Thursday, November 7, 2013

Lethal Weapon: Boring


Movie Review: Lethal Weapon

Director: Richard Donner

Reviewed: 7 November 2013

jamesintexas rating--**



Mean-spirited, nonsensical, and dumb are just a few of the adjectives that spring into mind when thinking about Lethal Weapon, a canonized 1980's action thriller that I never saw until last week. In a strange set of circumstances, I knew the players, having seen all the subsequent sequels, but I never saw the original. Now I have, and I really could not have been more disappointed.

Detective Riggs (Mel Gibson) is a volatile, grieving police officer known for risking his life recklessly, and Detective Murtagh is the grizzled, aging family man who has just turned fifty. Neither man is excited to be paired up together, but in order to solve the case of a suicide, they join forces. The movie soaks itself in these two characters, contrasting Riggs' alcohol-fueled despair and moments of darkness with Murtagh's exasperated balancing of family politics and his work on his boat. The shadowy crime begins promising but never picks up steam; they follow leads that lead quite easily to other leads, and the plot never demands they (or the audience) works too hard. At one point, Murtagh is in the middle of an alleyway with the baddies barreling towards him in a car because...well, because that is just more convenient than having him find them.

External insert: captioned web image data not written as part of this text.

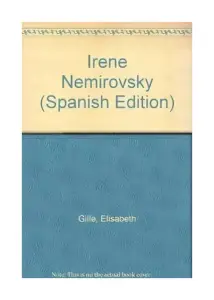 Irene Némirovsky (Bolsillo)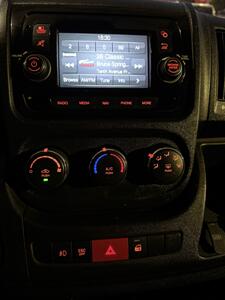 2019 RAM ProMaster 2500 159 WB - Photo 26 - Santa Fe, NM 87505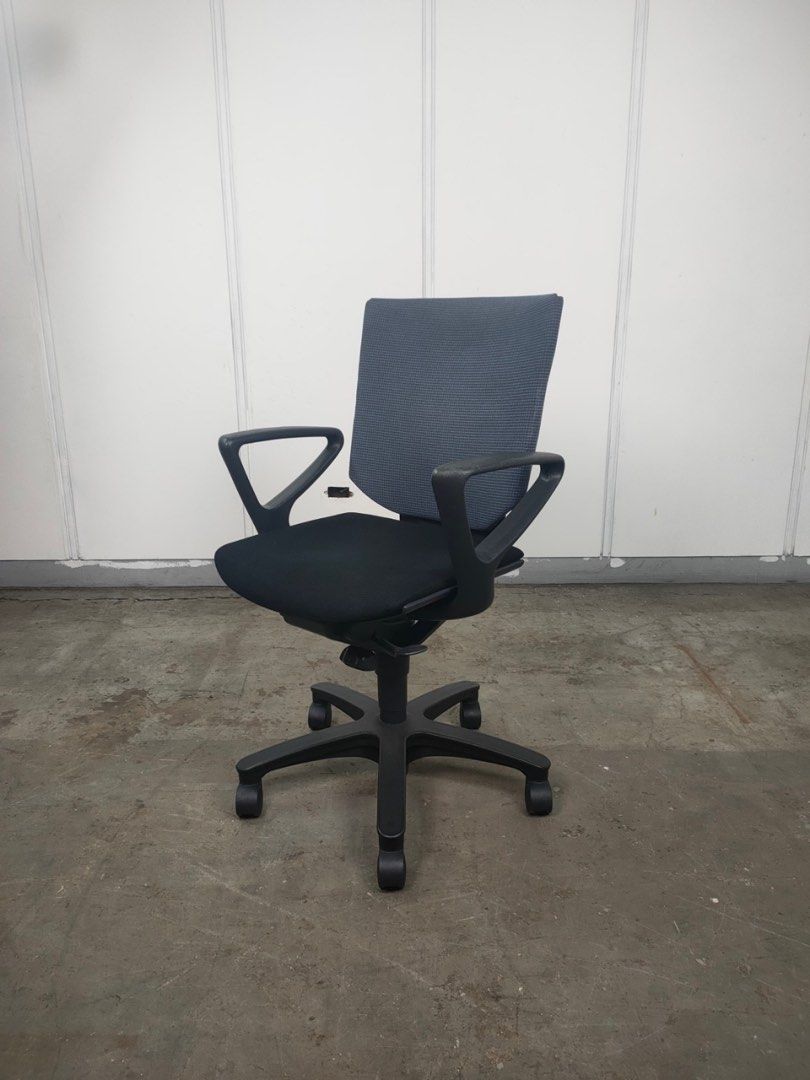 Original Itoki Swivel Chairs (2nd Hand Office Chairs for Sale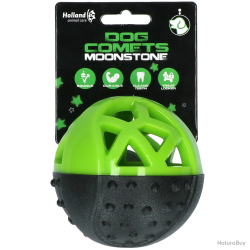 Dog Comets Moonstone Treat Ball - Ref COME067 - EAN 8716759568143 - Livraison rapide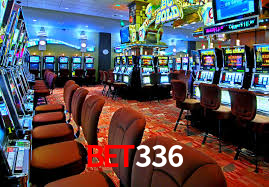 Live Casino bet336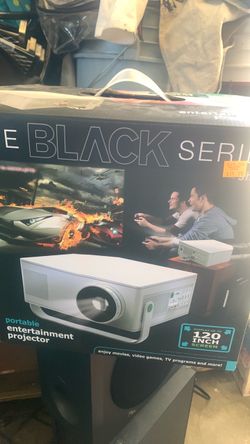 Projector
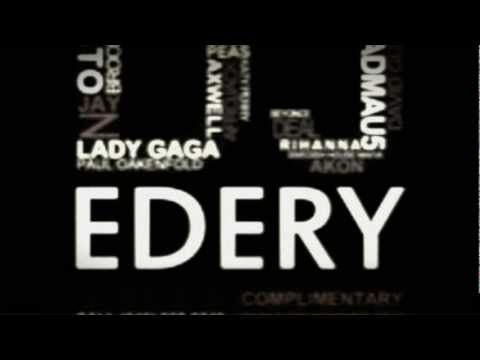 Niggas Rattle in Paris (Dj Edery Remix)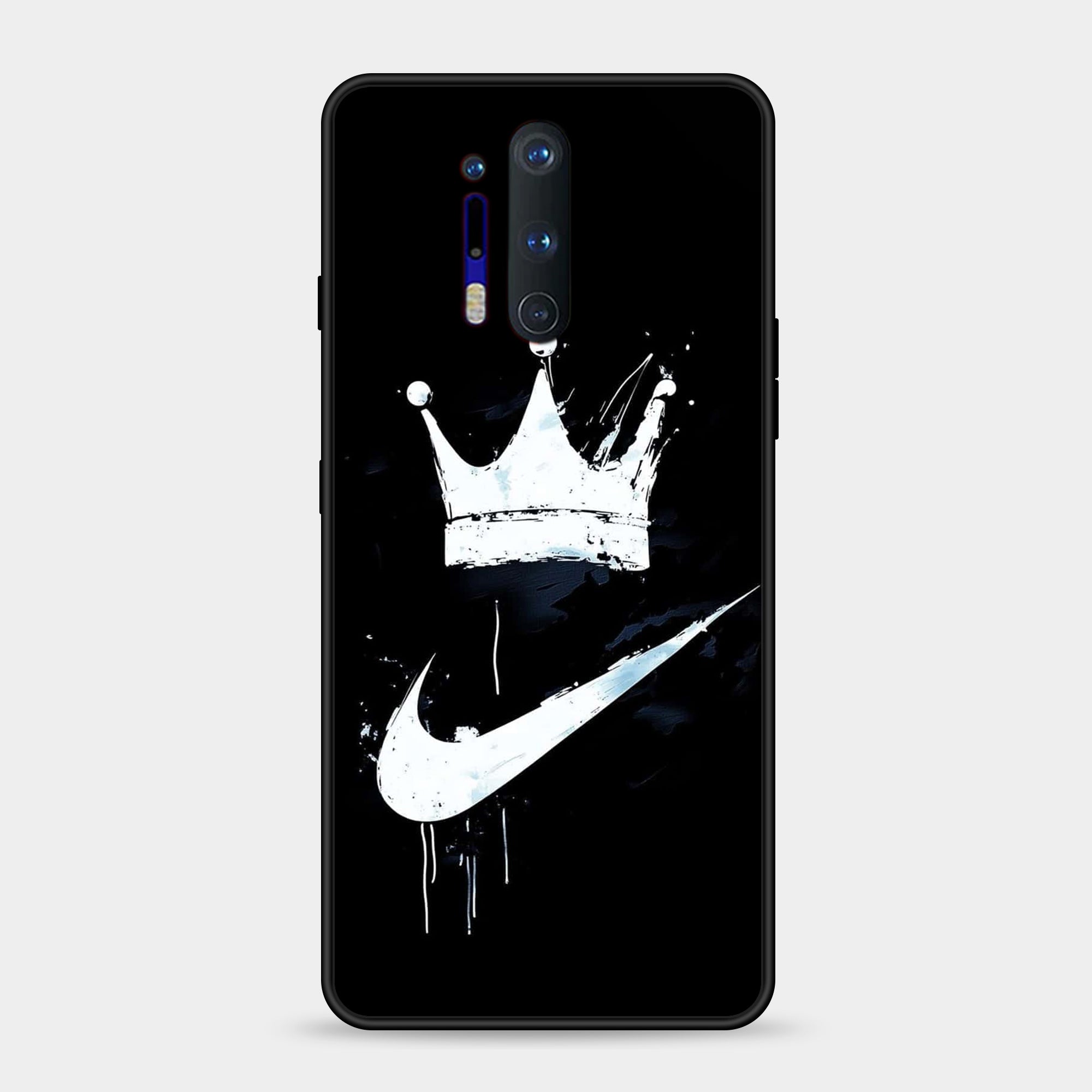 OnePlus 8 Pro Design-012 Premium Glossy Phone Case
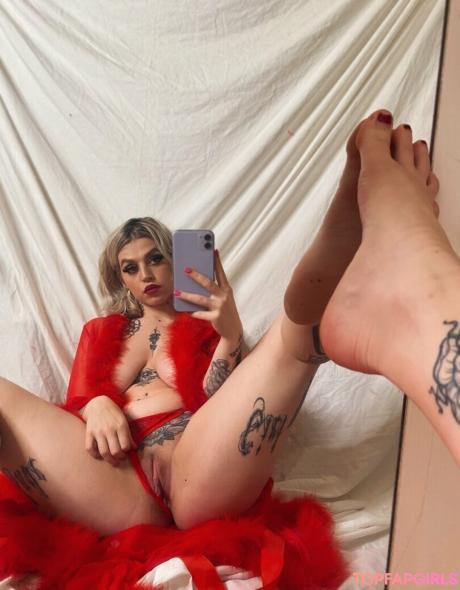 Crystalgirl nude leaked OnlyFans photo #212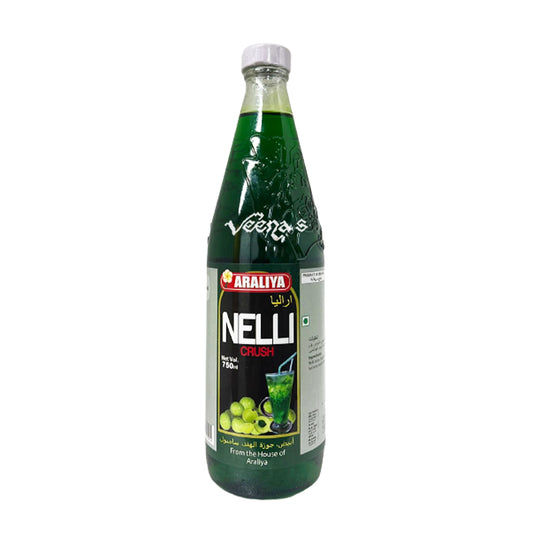 Araliya Nelli Crush 750ml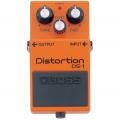 BOSS DS-1 Distortion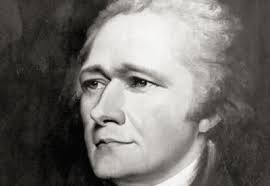 Alexander Hamilton Biography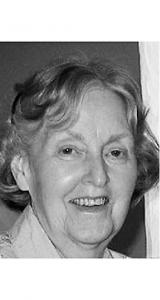MARGARET ROSE KOHM Obituary pic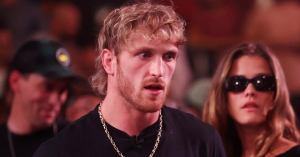 Logan Paul Starts Beef on Instagram Post Announcing His Newborn Daughter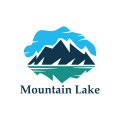 logo de Mountain Lake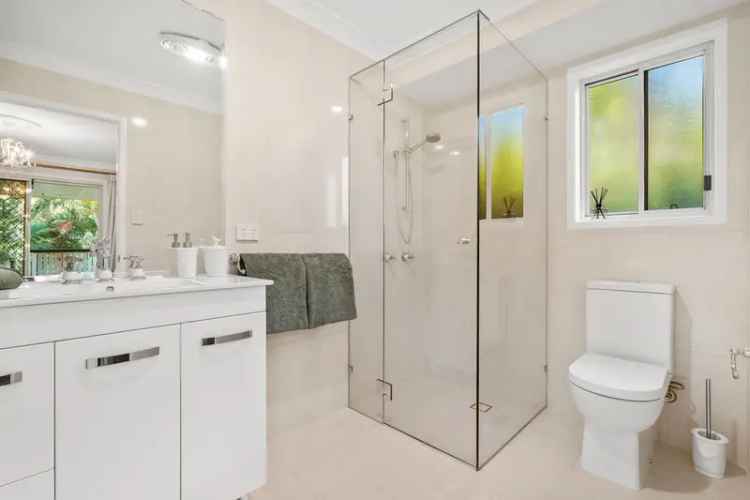 House For Sale in Brisbane City, Queensland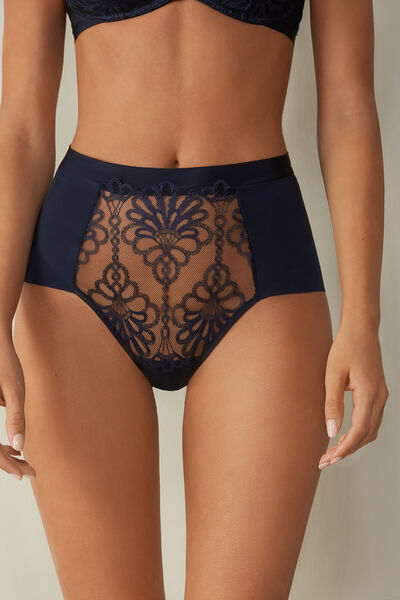 Romantic Life French Knickers
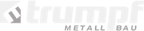 Logo von Trumpf Metallbau GmbH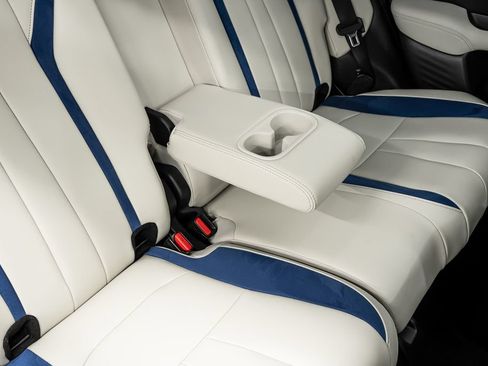 New 2026 Acura ADX A-Spec FWD image 31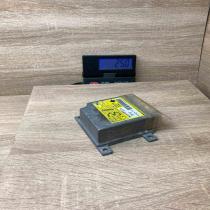 MR587731   Airbag control unit/module Mitsubishi Outlander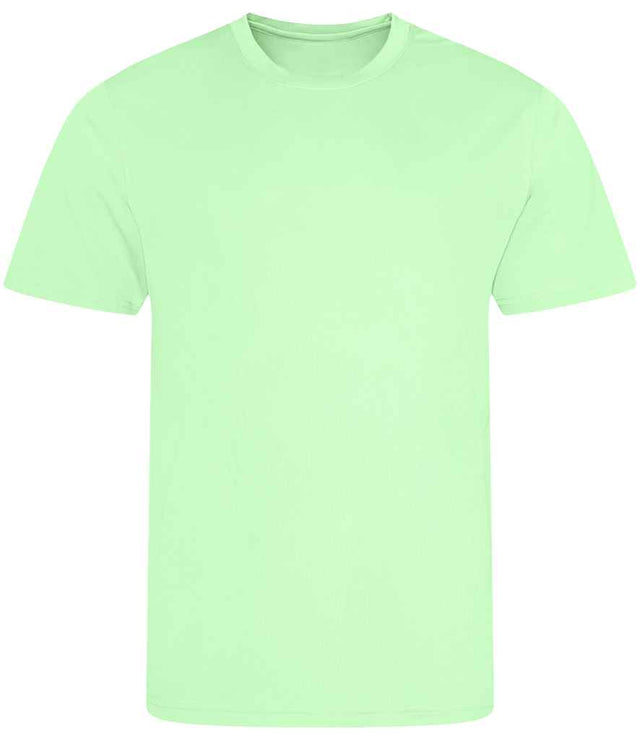 JC001 Melon Green Front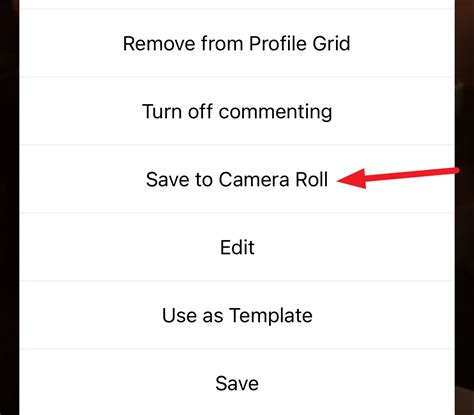 How to Save Memories to the Camera Roll on Snapchat 9 Steps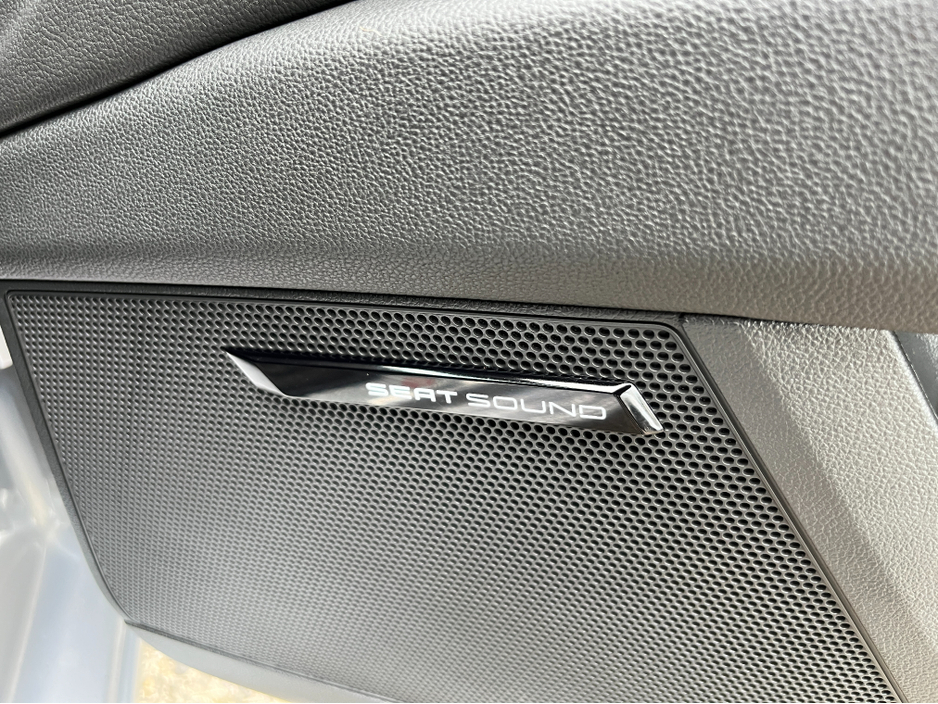 2018 SEAT Leon - image 14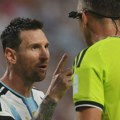 Kako je Argentina uspela da dođe do toga da će čitav svet navijati za poslovično omražene Engleze u polufinalu Mundijala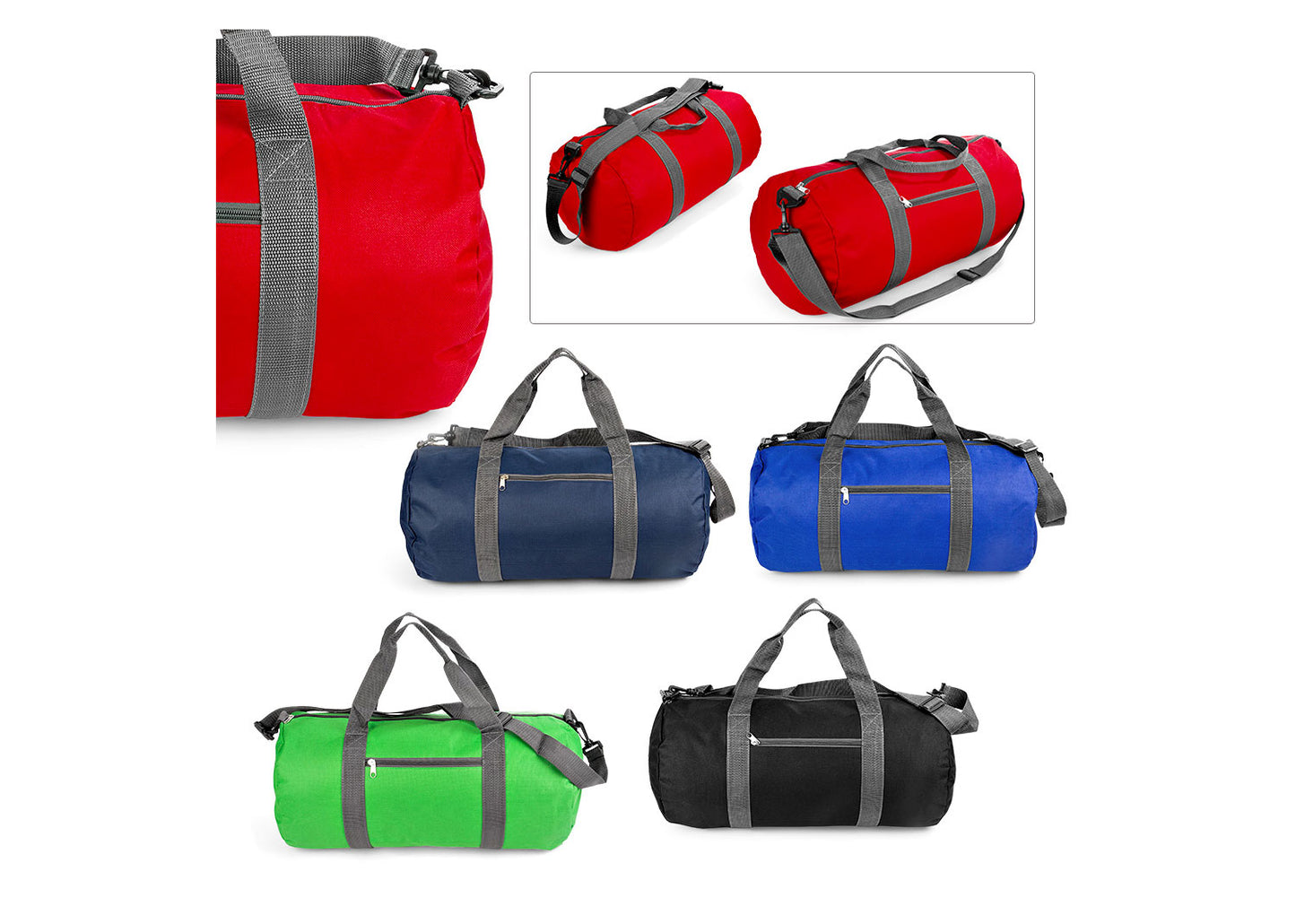 VI0227 Maletín Nara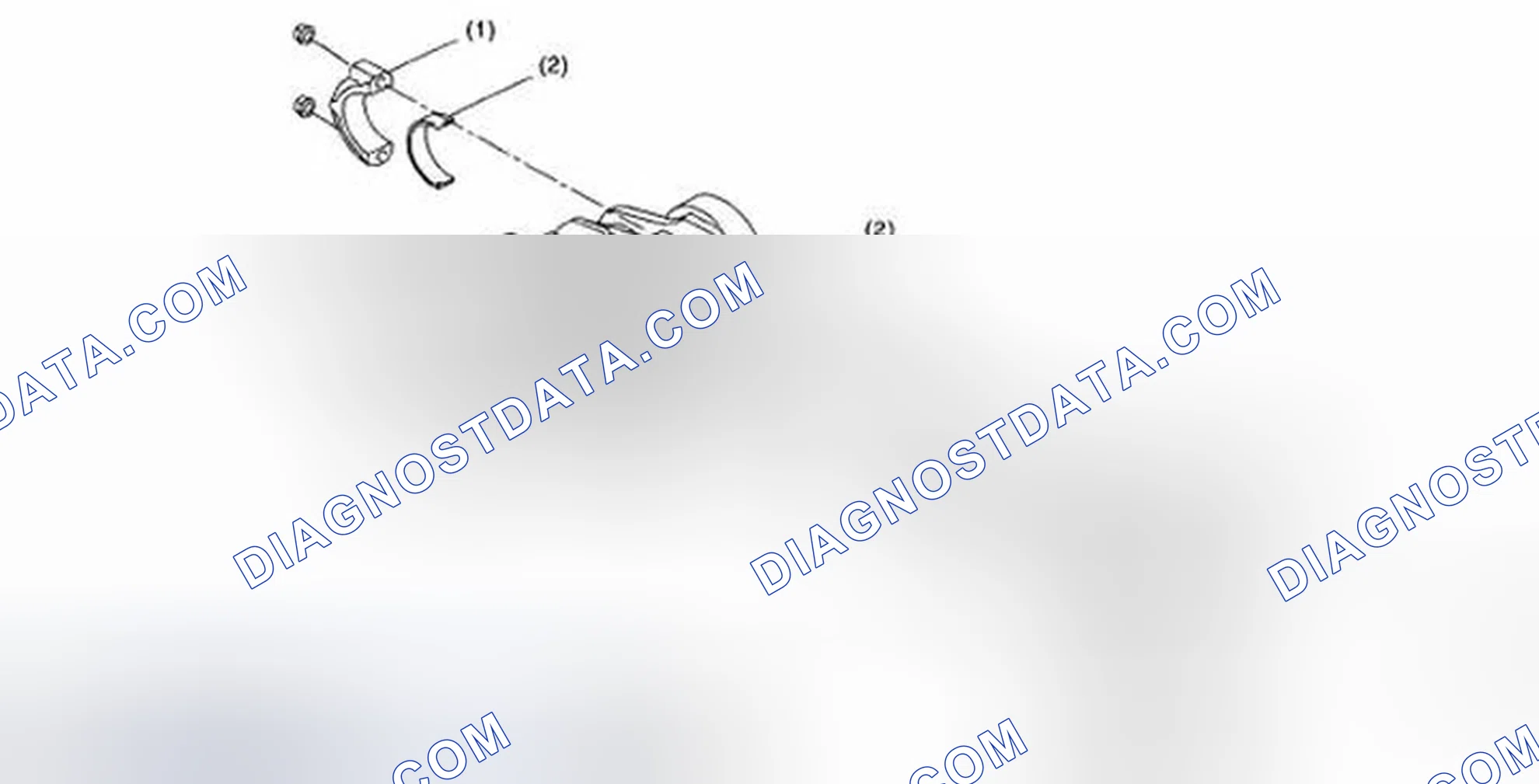 Scheme 171: DISASSEMBLY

The film feels very eighties from its jazzy score to its love of helicopter tracking shots, and it also feels very clunky and distracting in its action. The bad guys led by Gary Busey disappear for large chunks of the film, so there is never a balance between the warring sides, something that a film of the same time period, Die Hard, did so well with Alan Rickman. The cursing is fine (maybe shocking for its time period), and there are a few sequences that are fun to watch, but the final fight makes no sense. The stakes are nonexistent.

Mel Gibson is an unqualified star in this film, and I loved his charismatic performance. He is tough, funny, wild-eyed and haunted. Danny Glover seems to be having fun with his role too, playing a decent man with an overflowing plate of obligations, screaming at Riggs, his children, the bad guys. There is an undeniable charisma between Gibson and Glover, hence the franchise.

The film knows it has something special with its two leads and works best in those quieter moments. An action film need not be dumb, and unfortunately, Lethal Weapon never asks much of its audience or its characters. The fight at the end in the rain is cool to look at though but ultimately meaningless.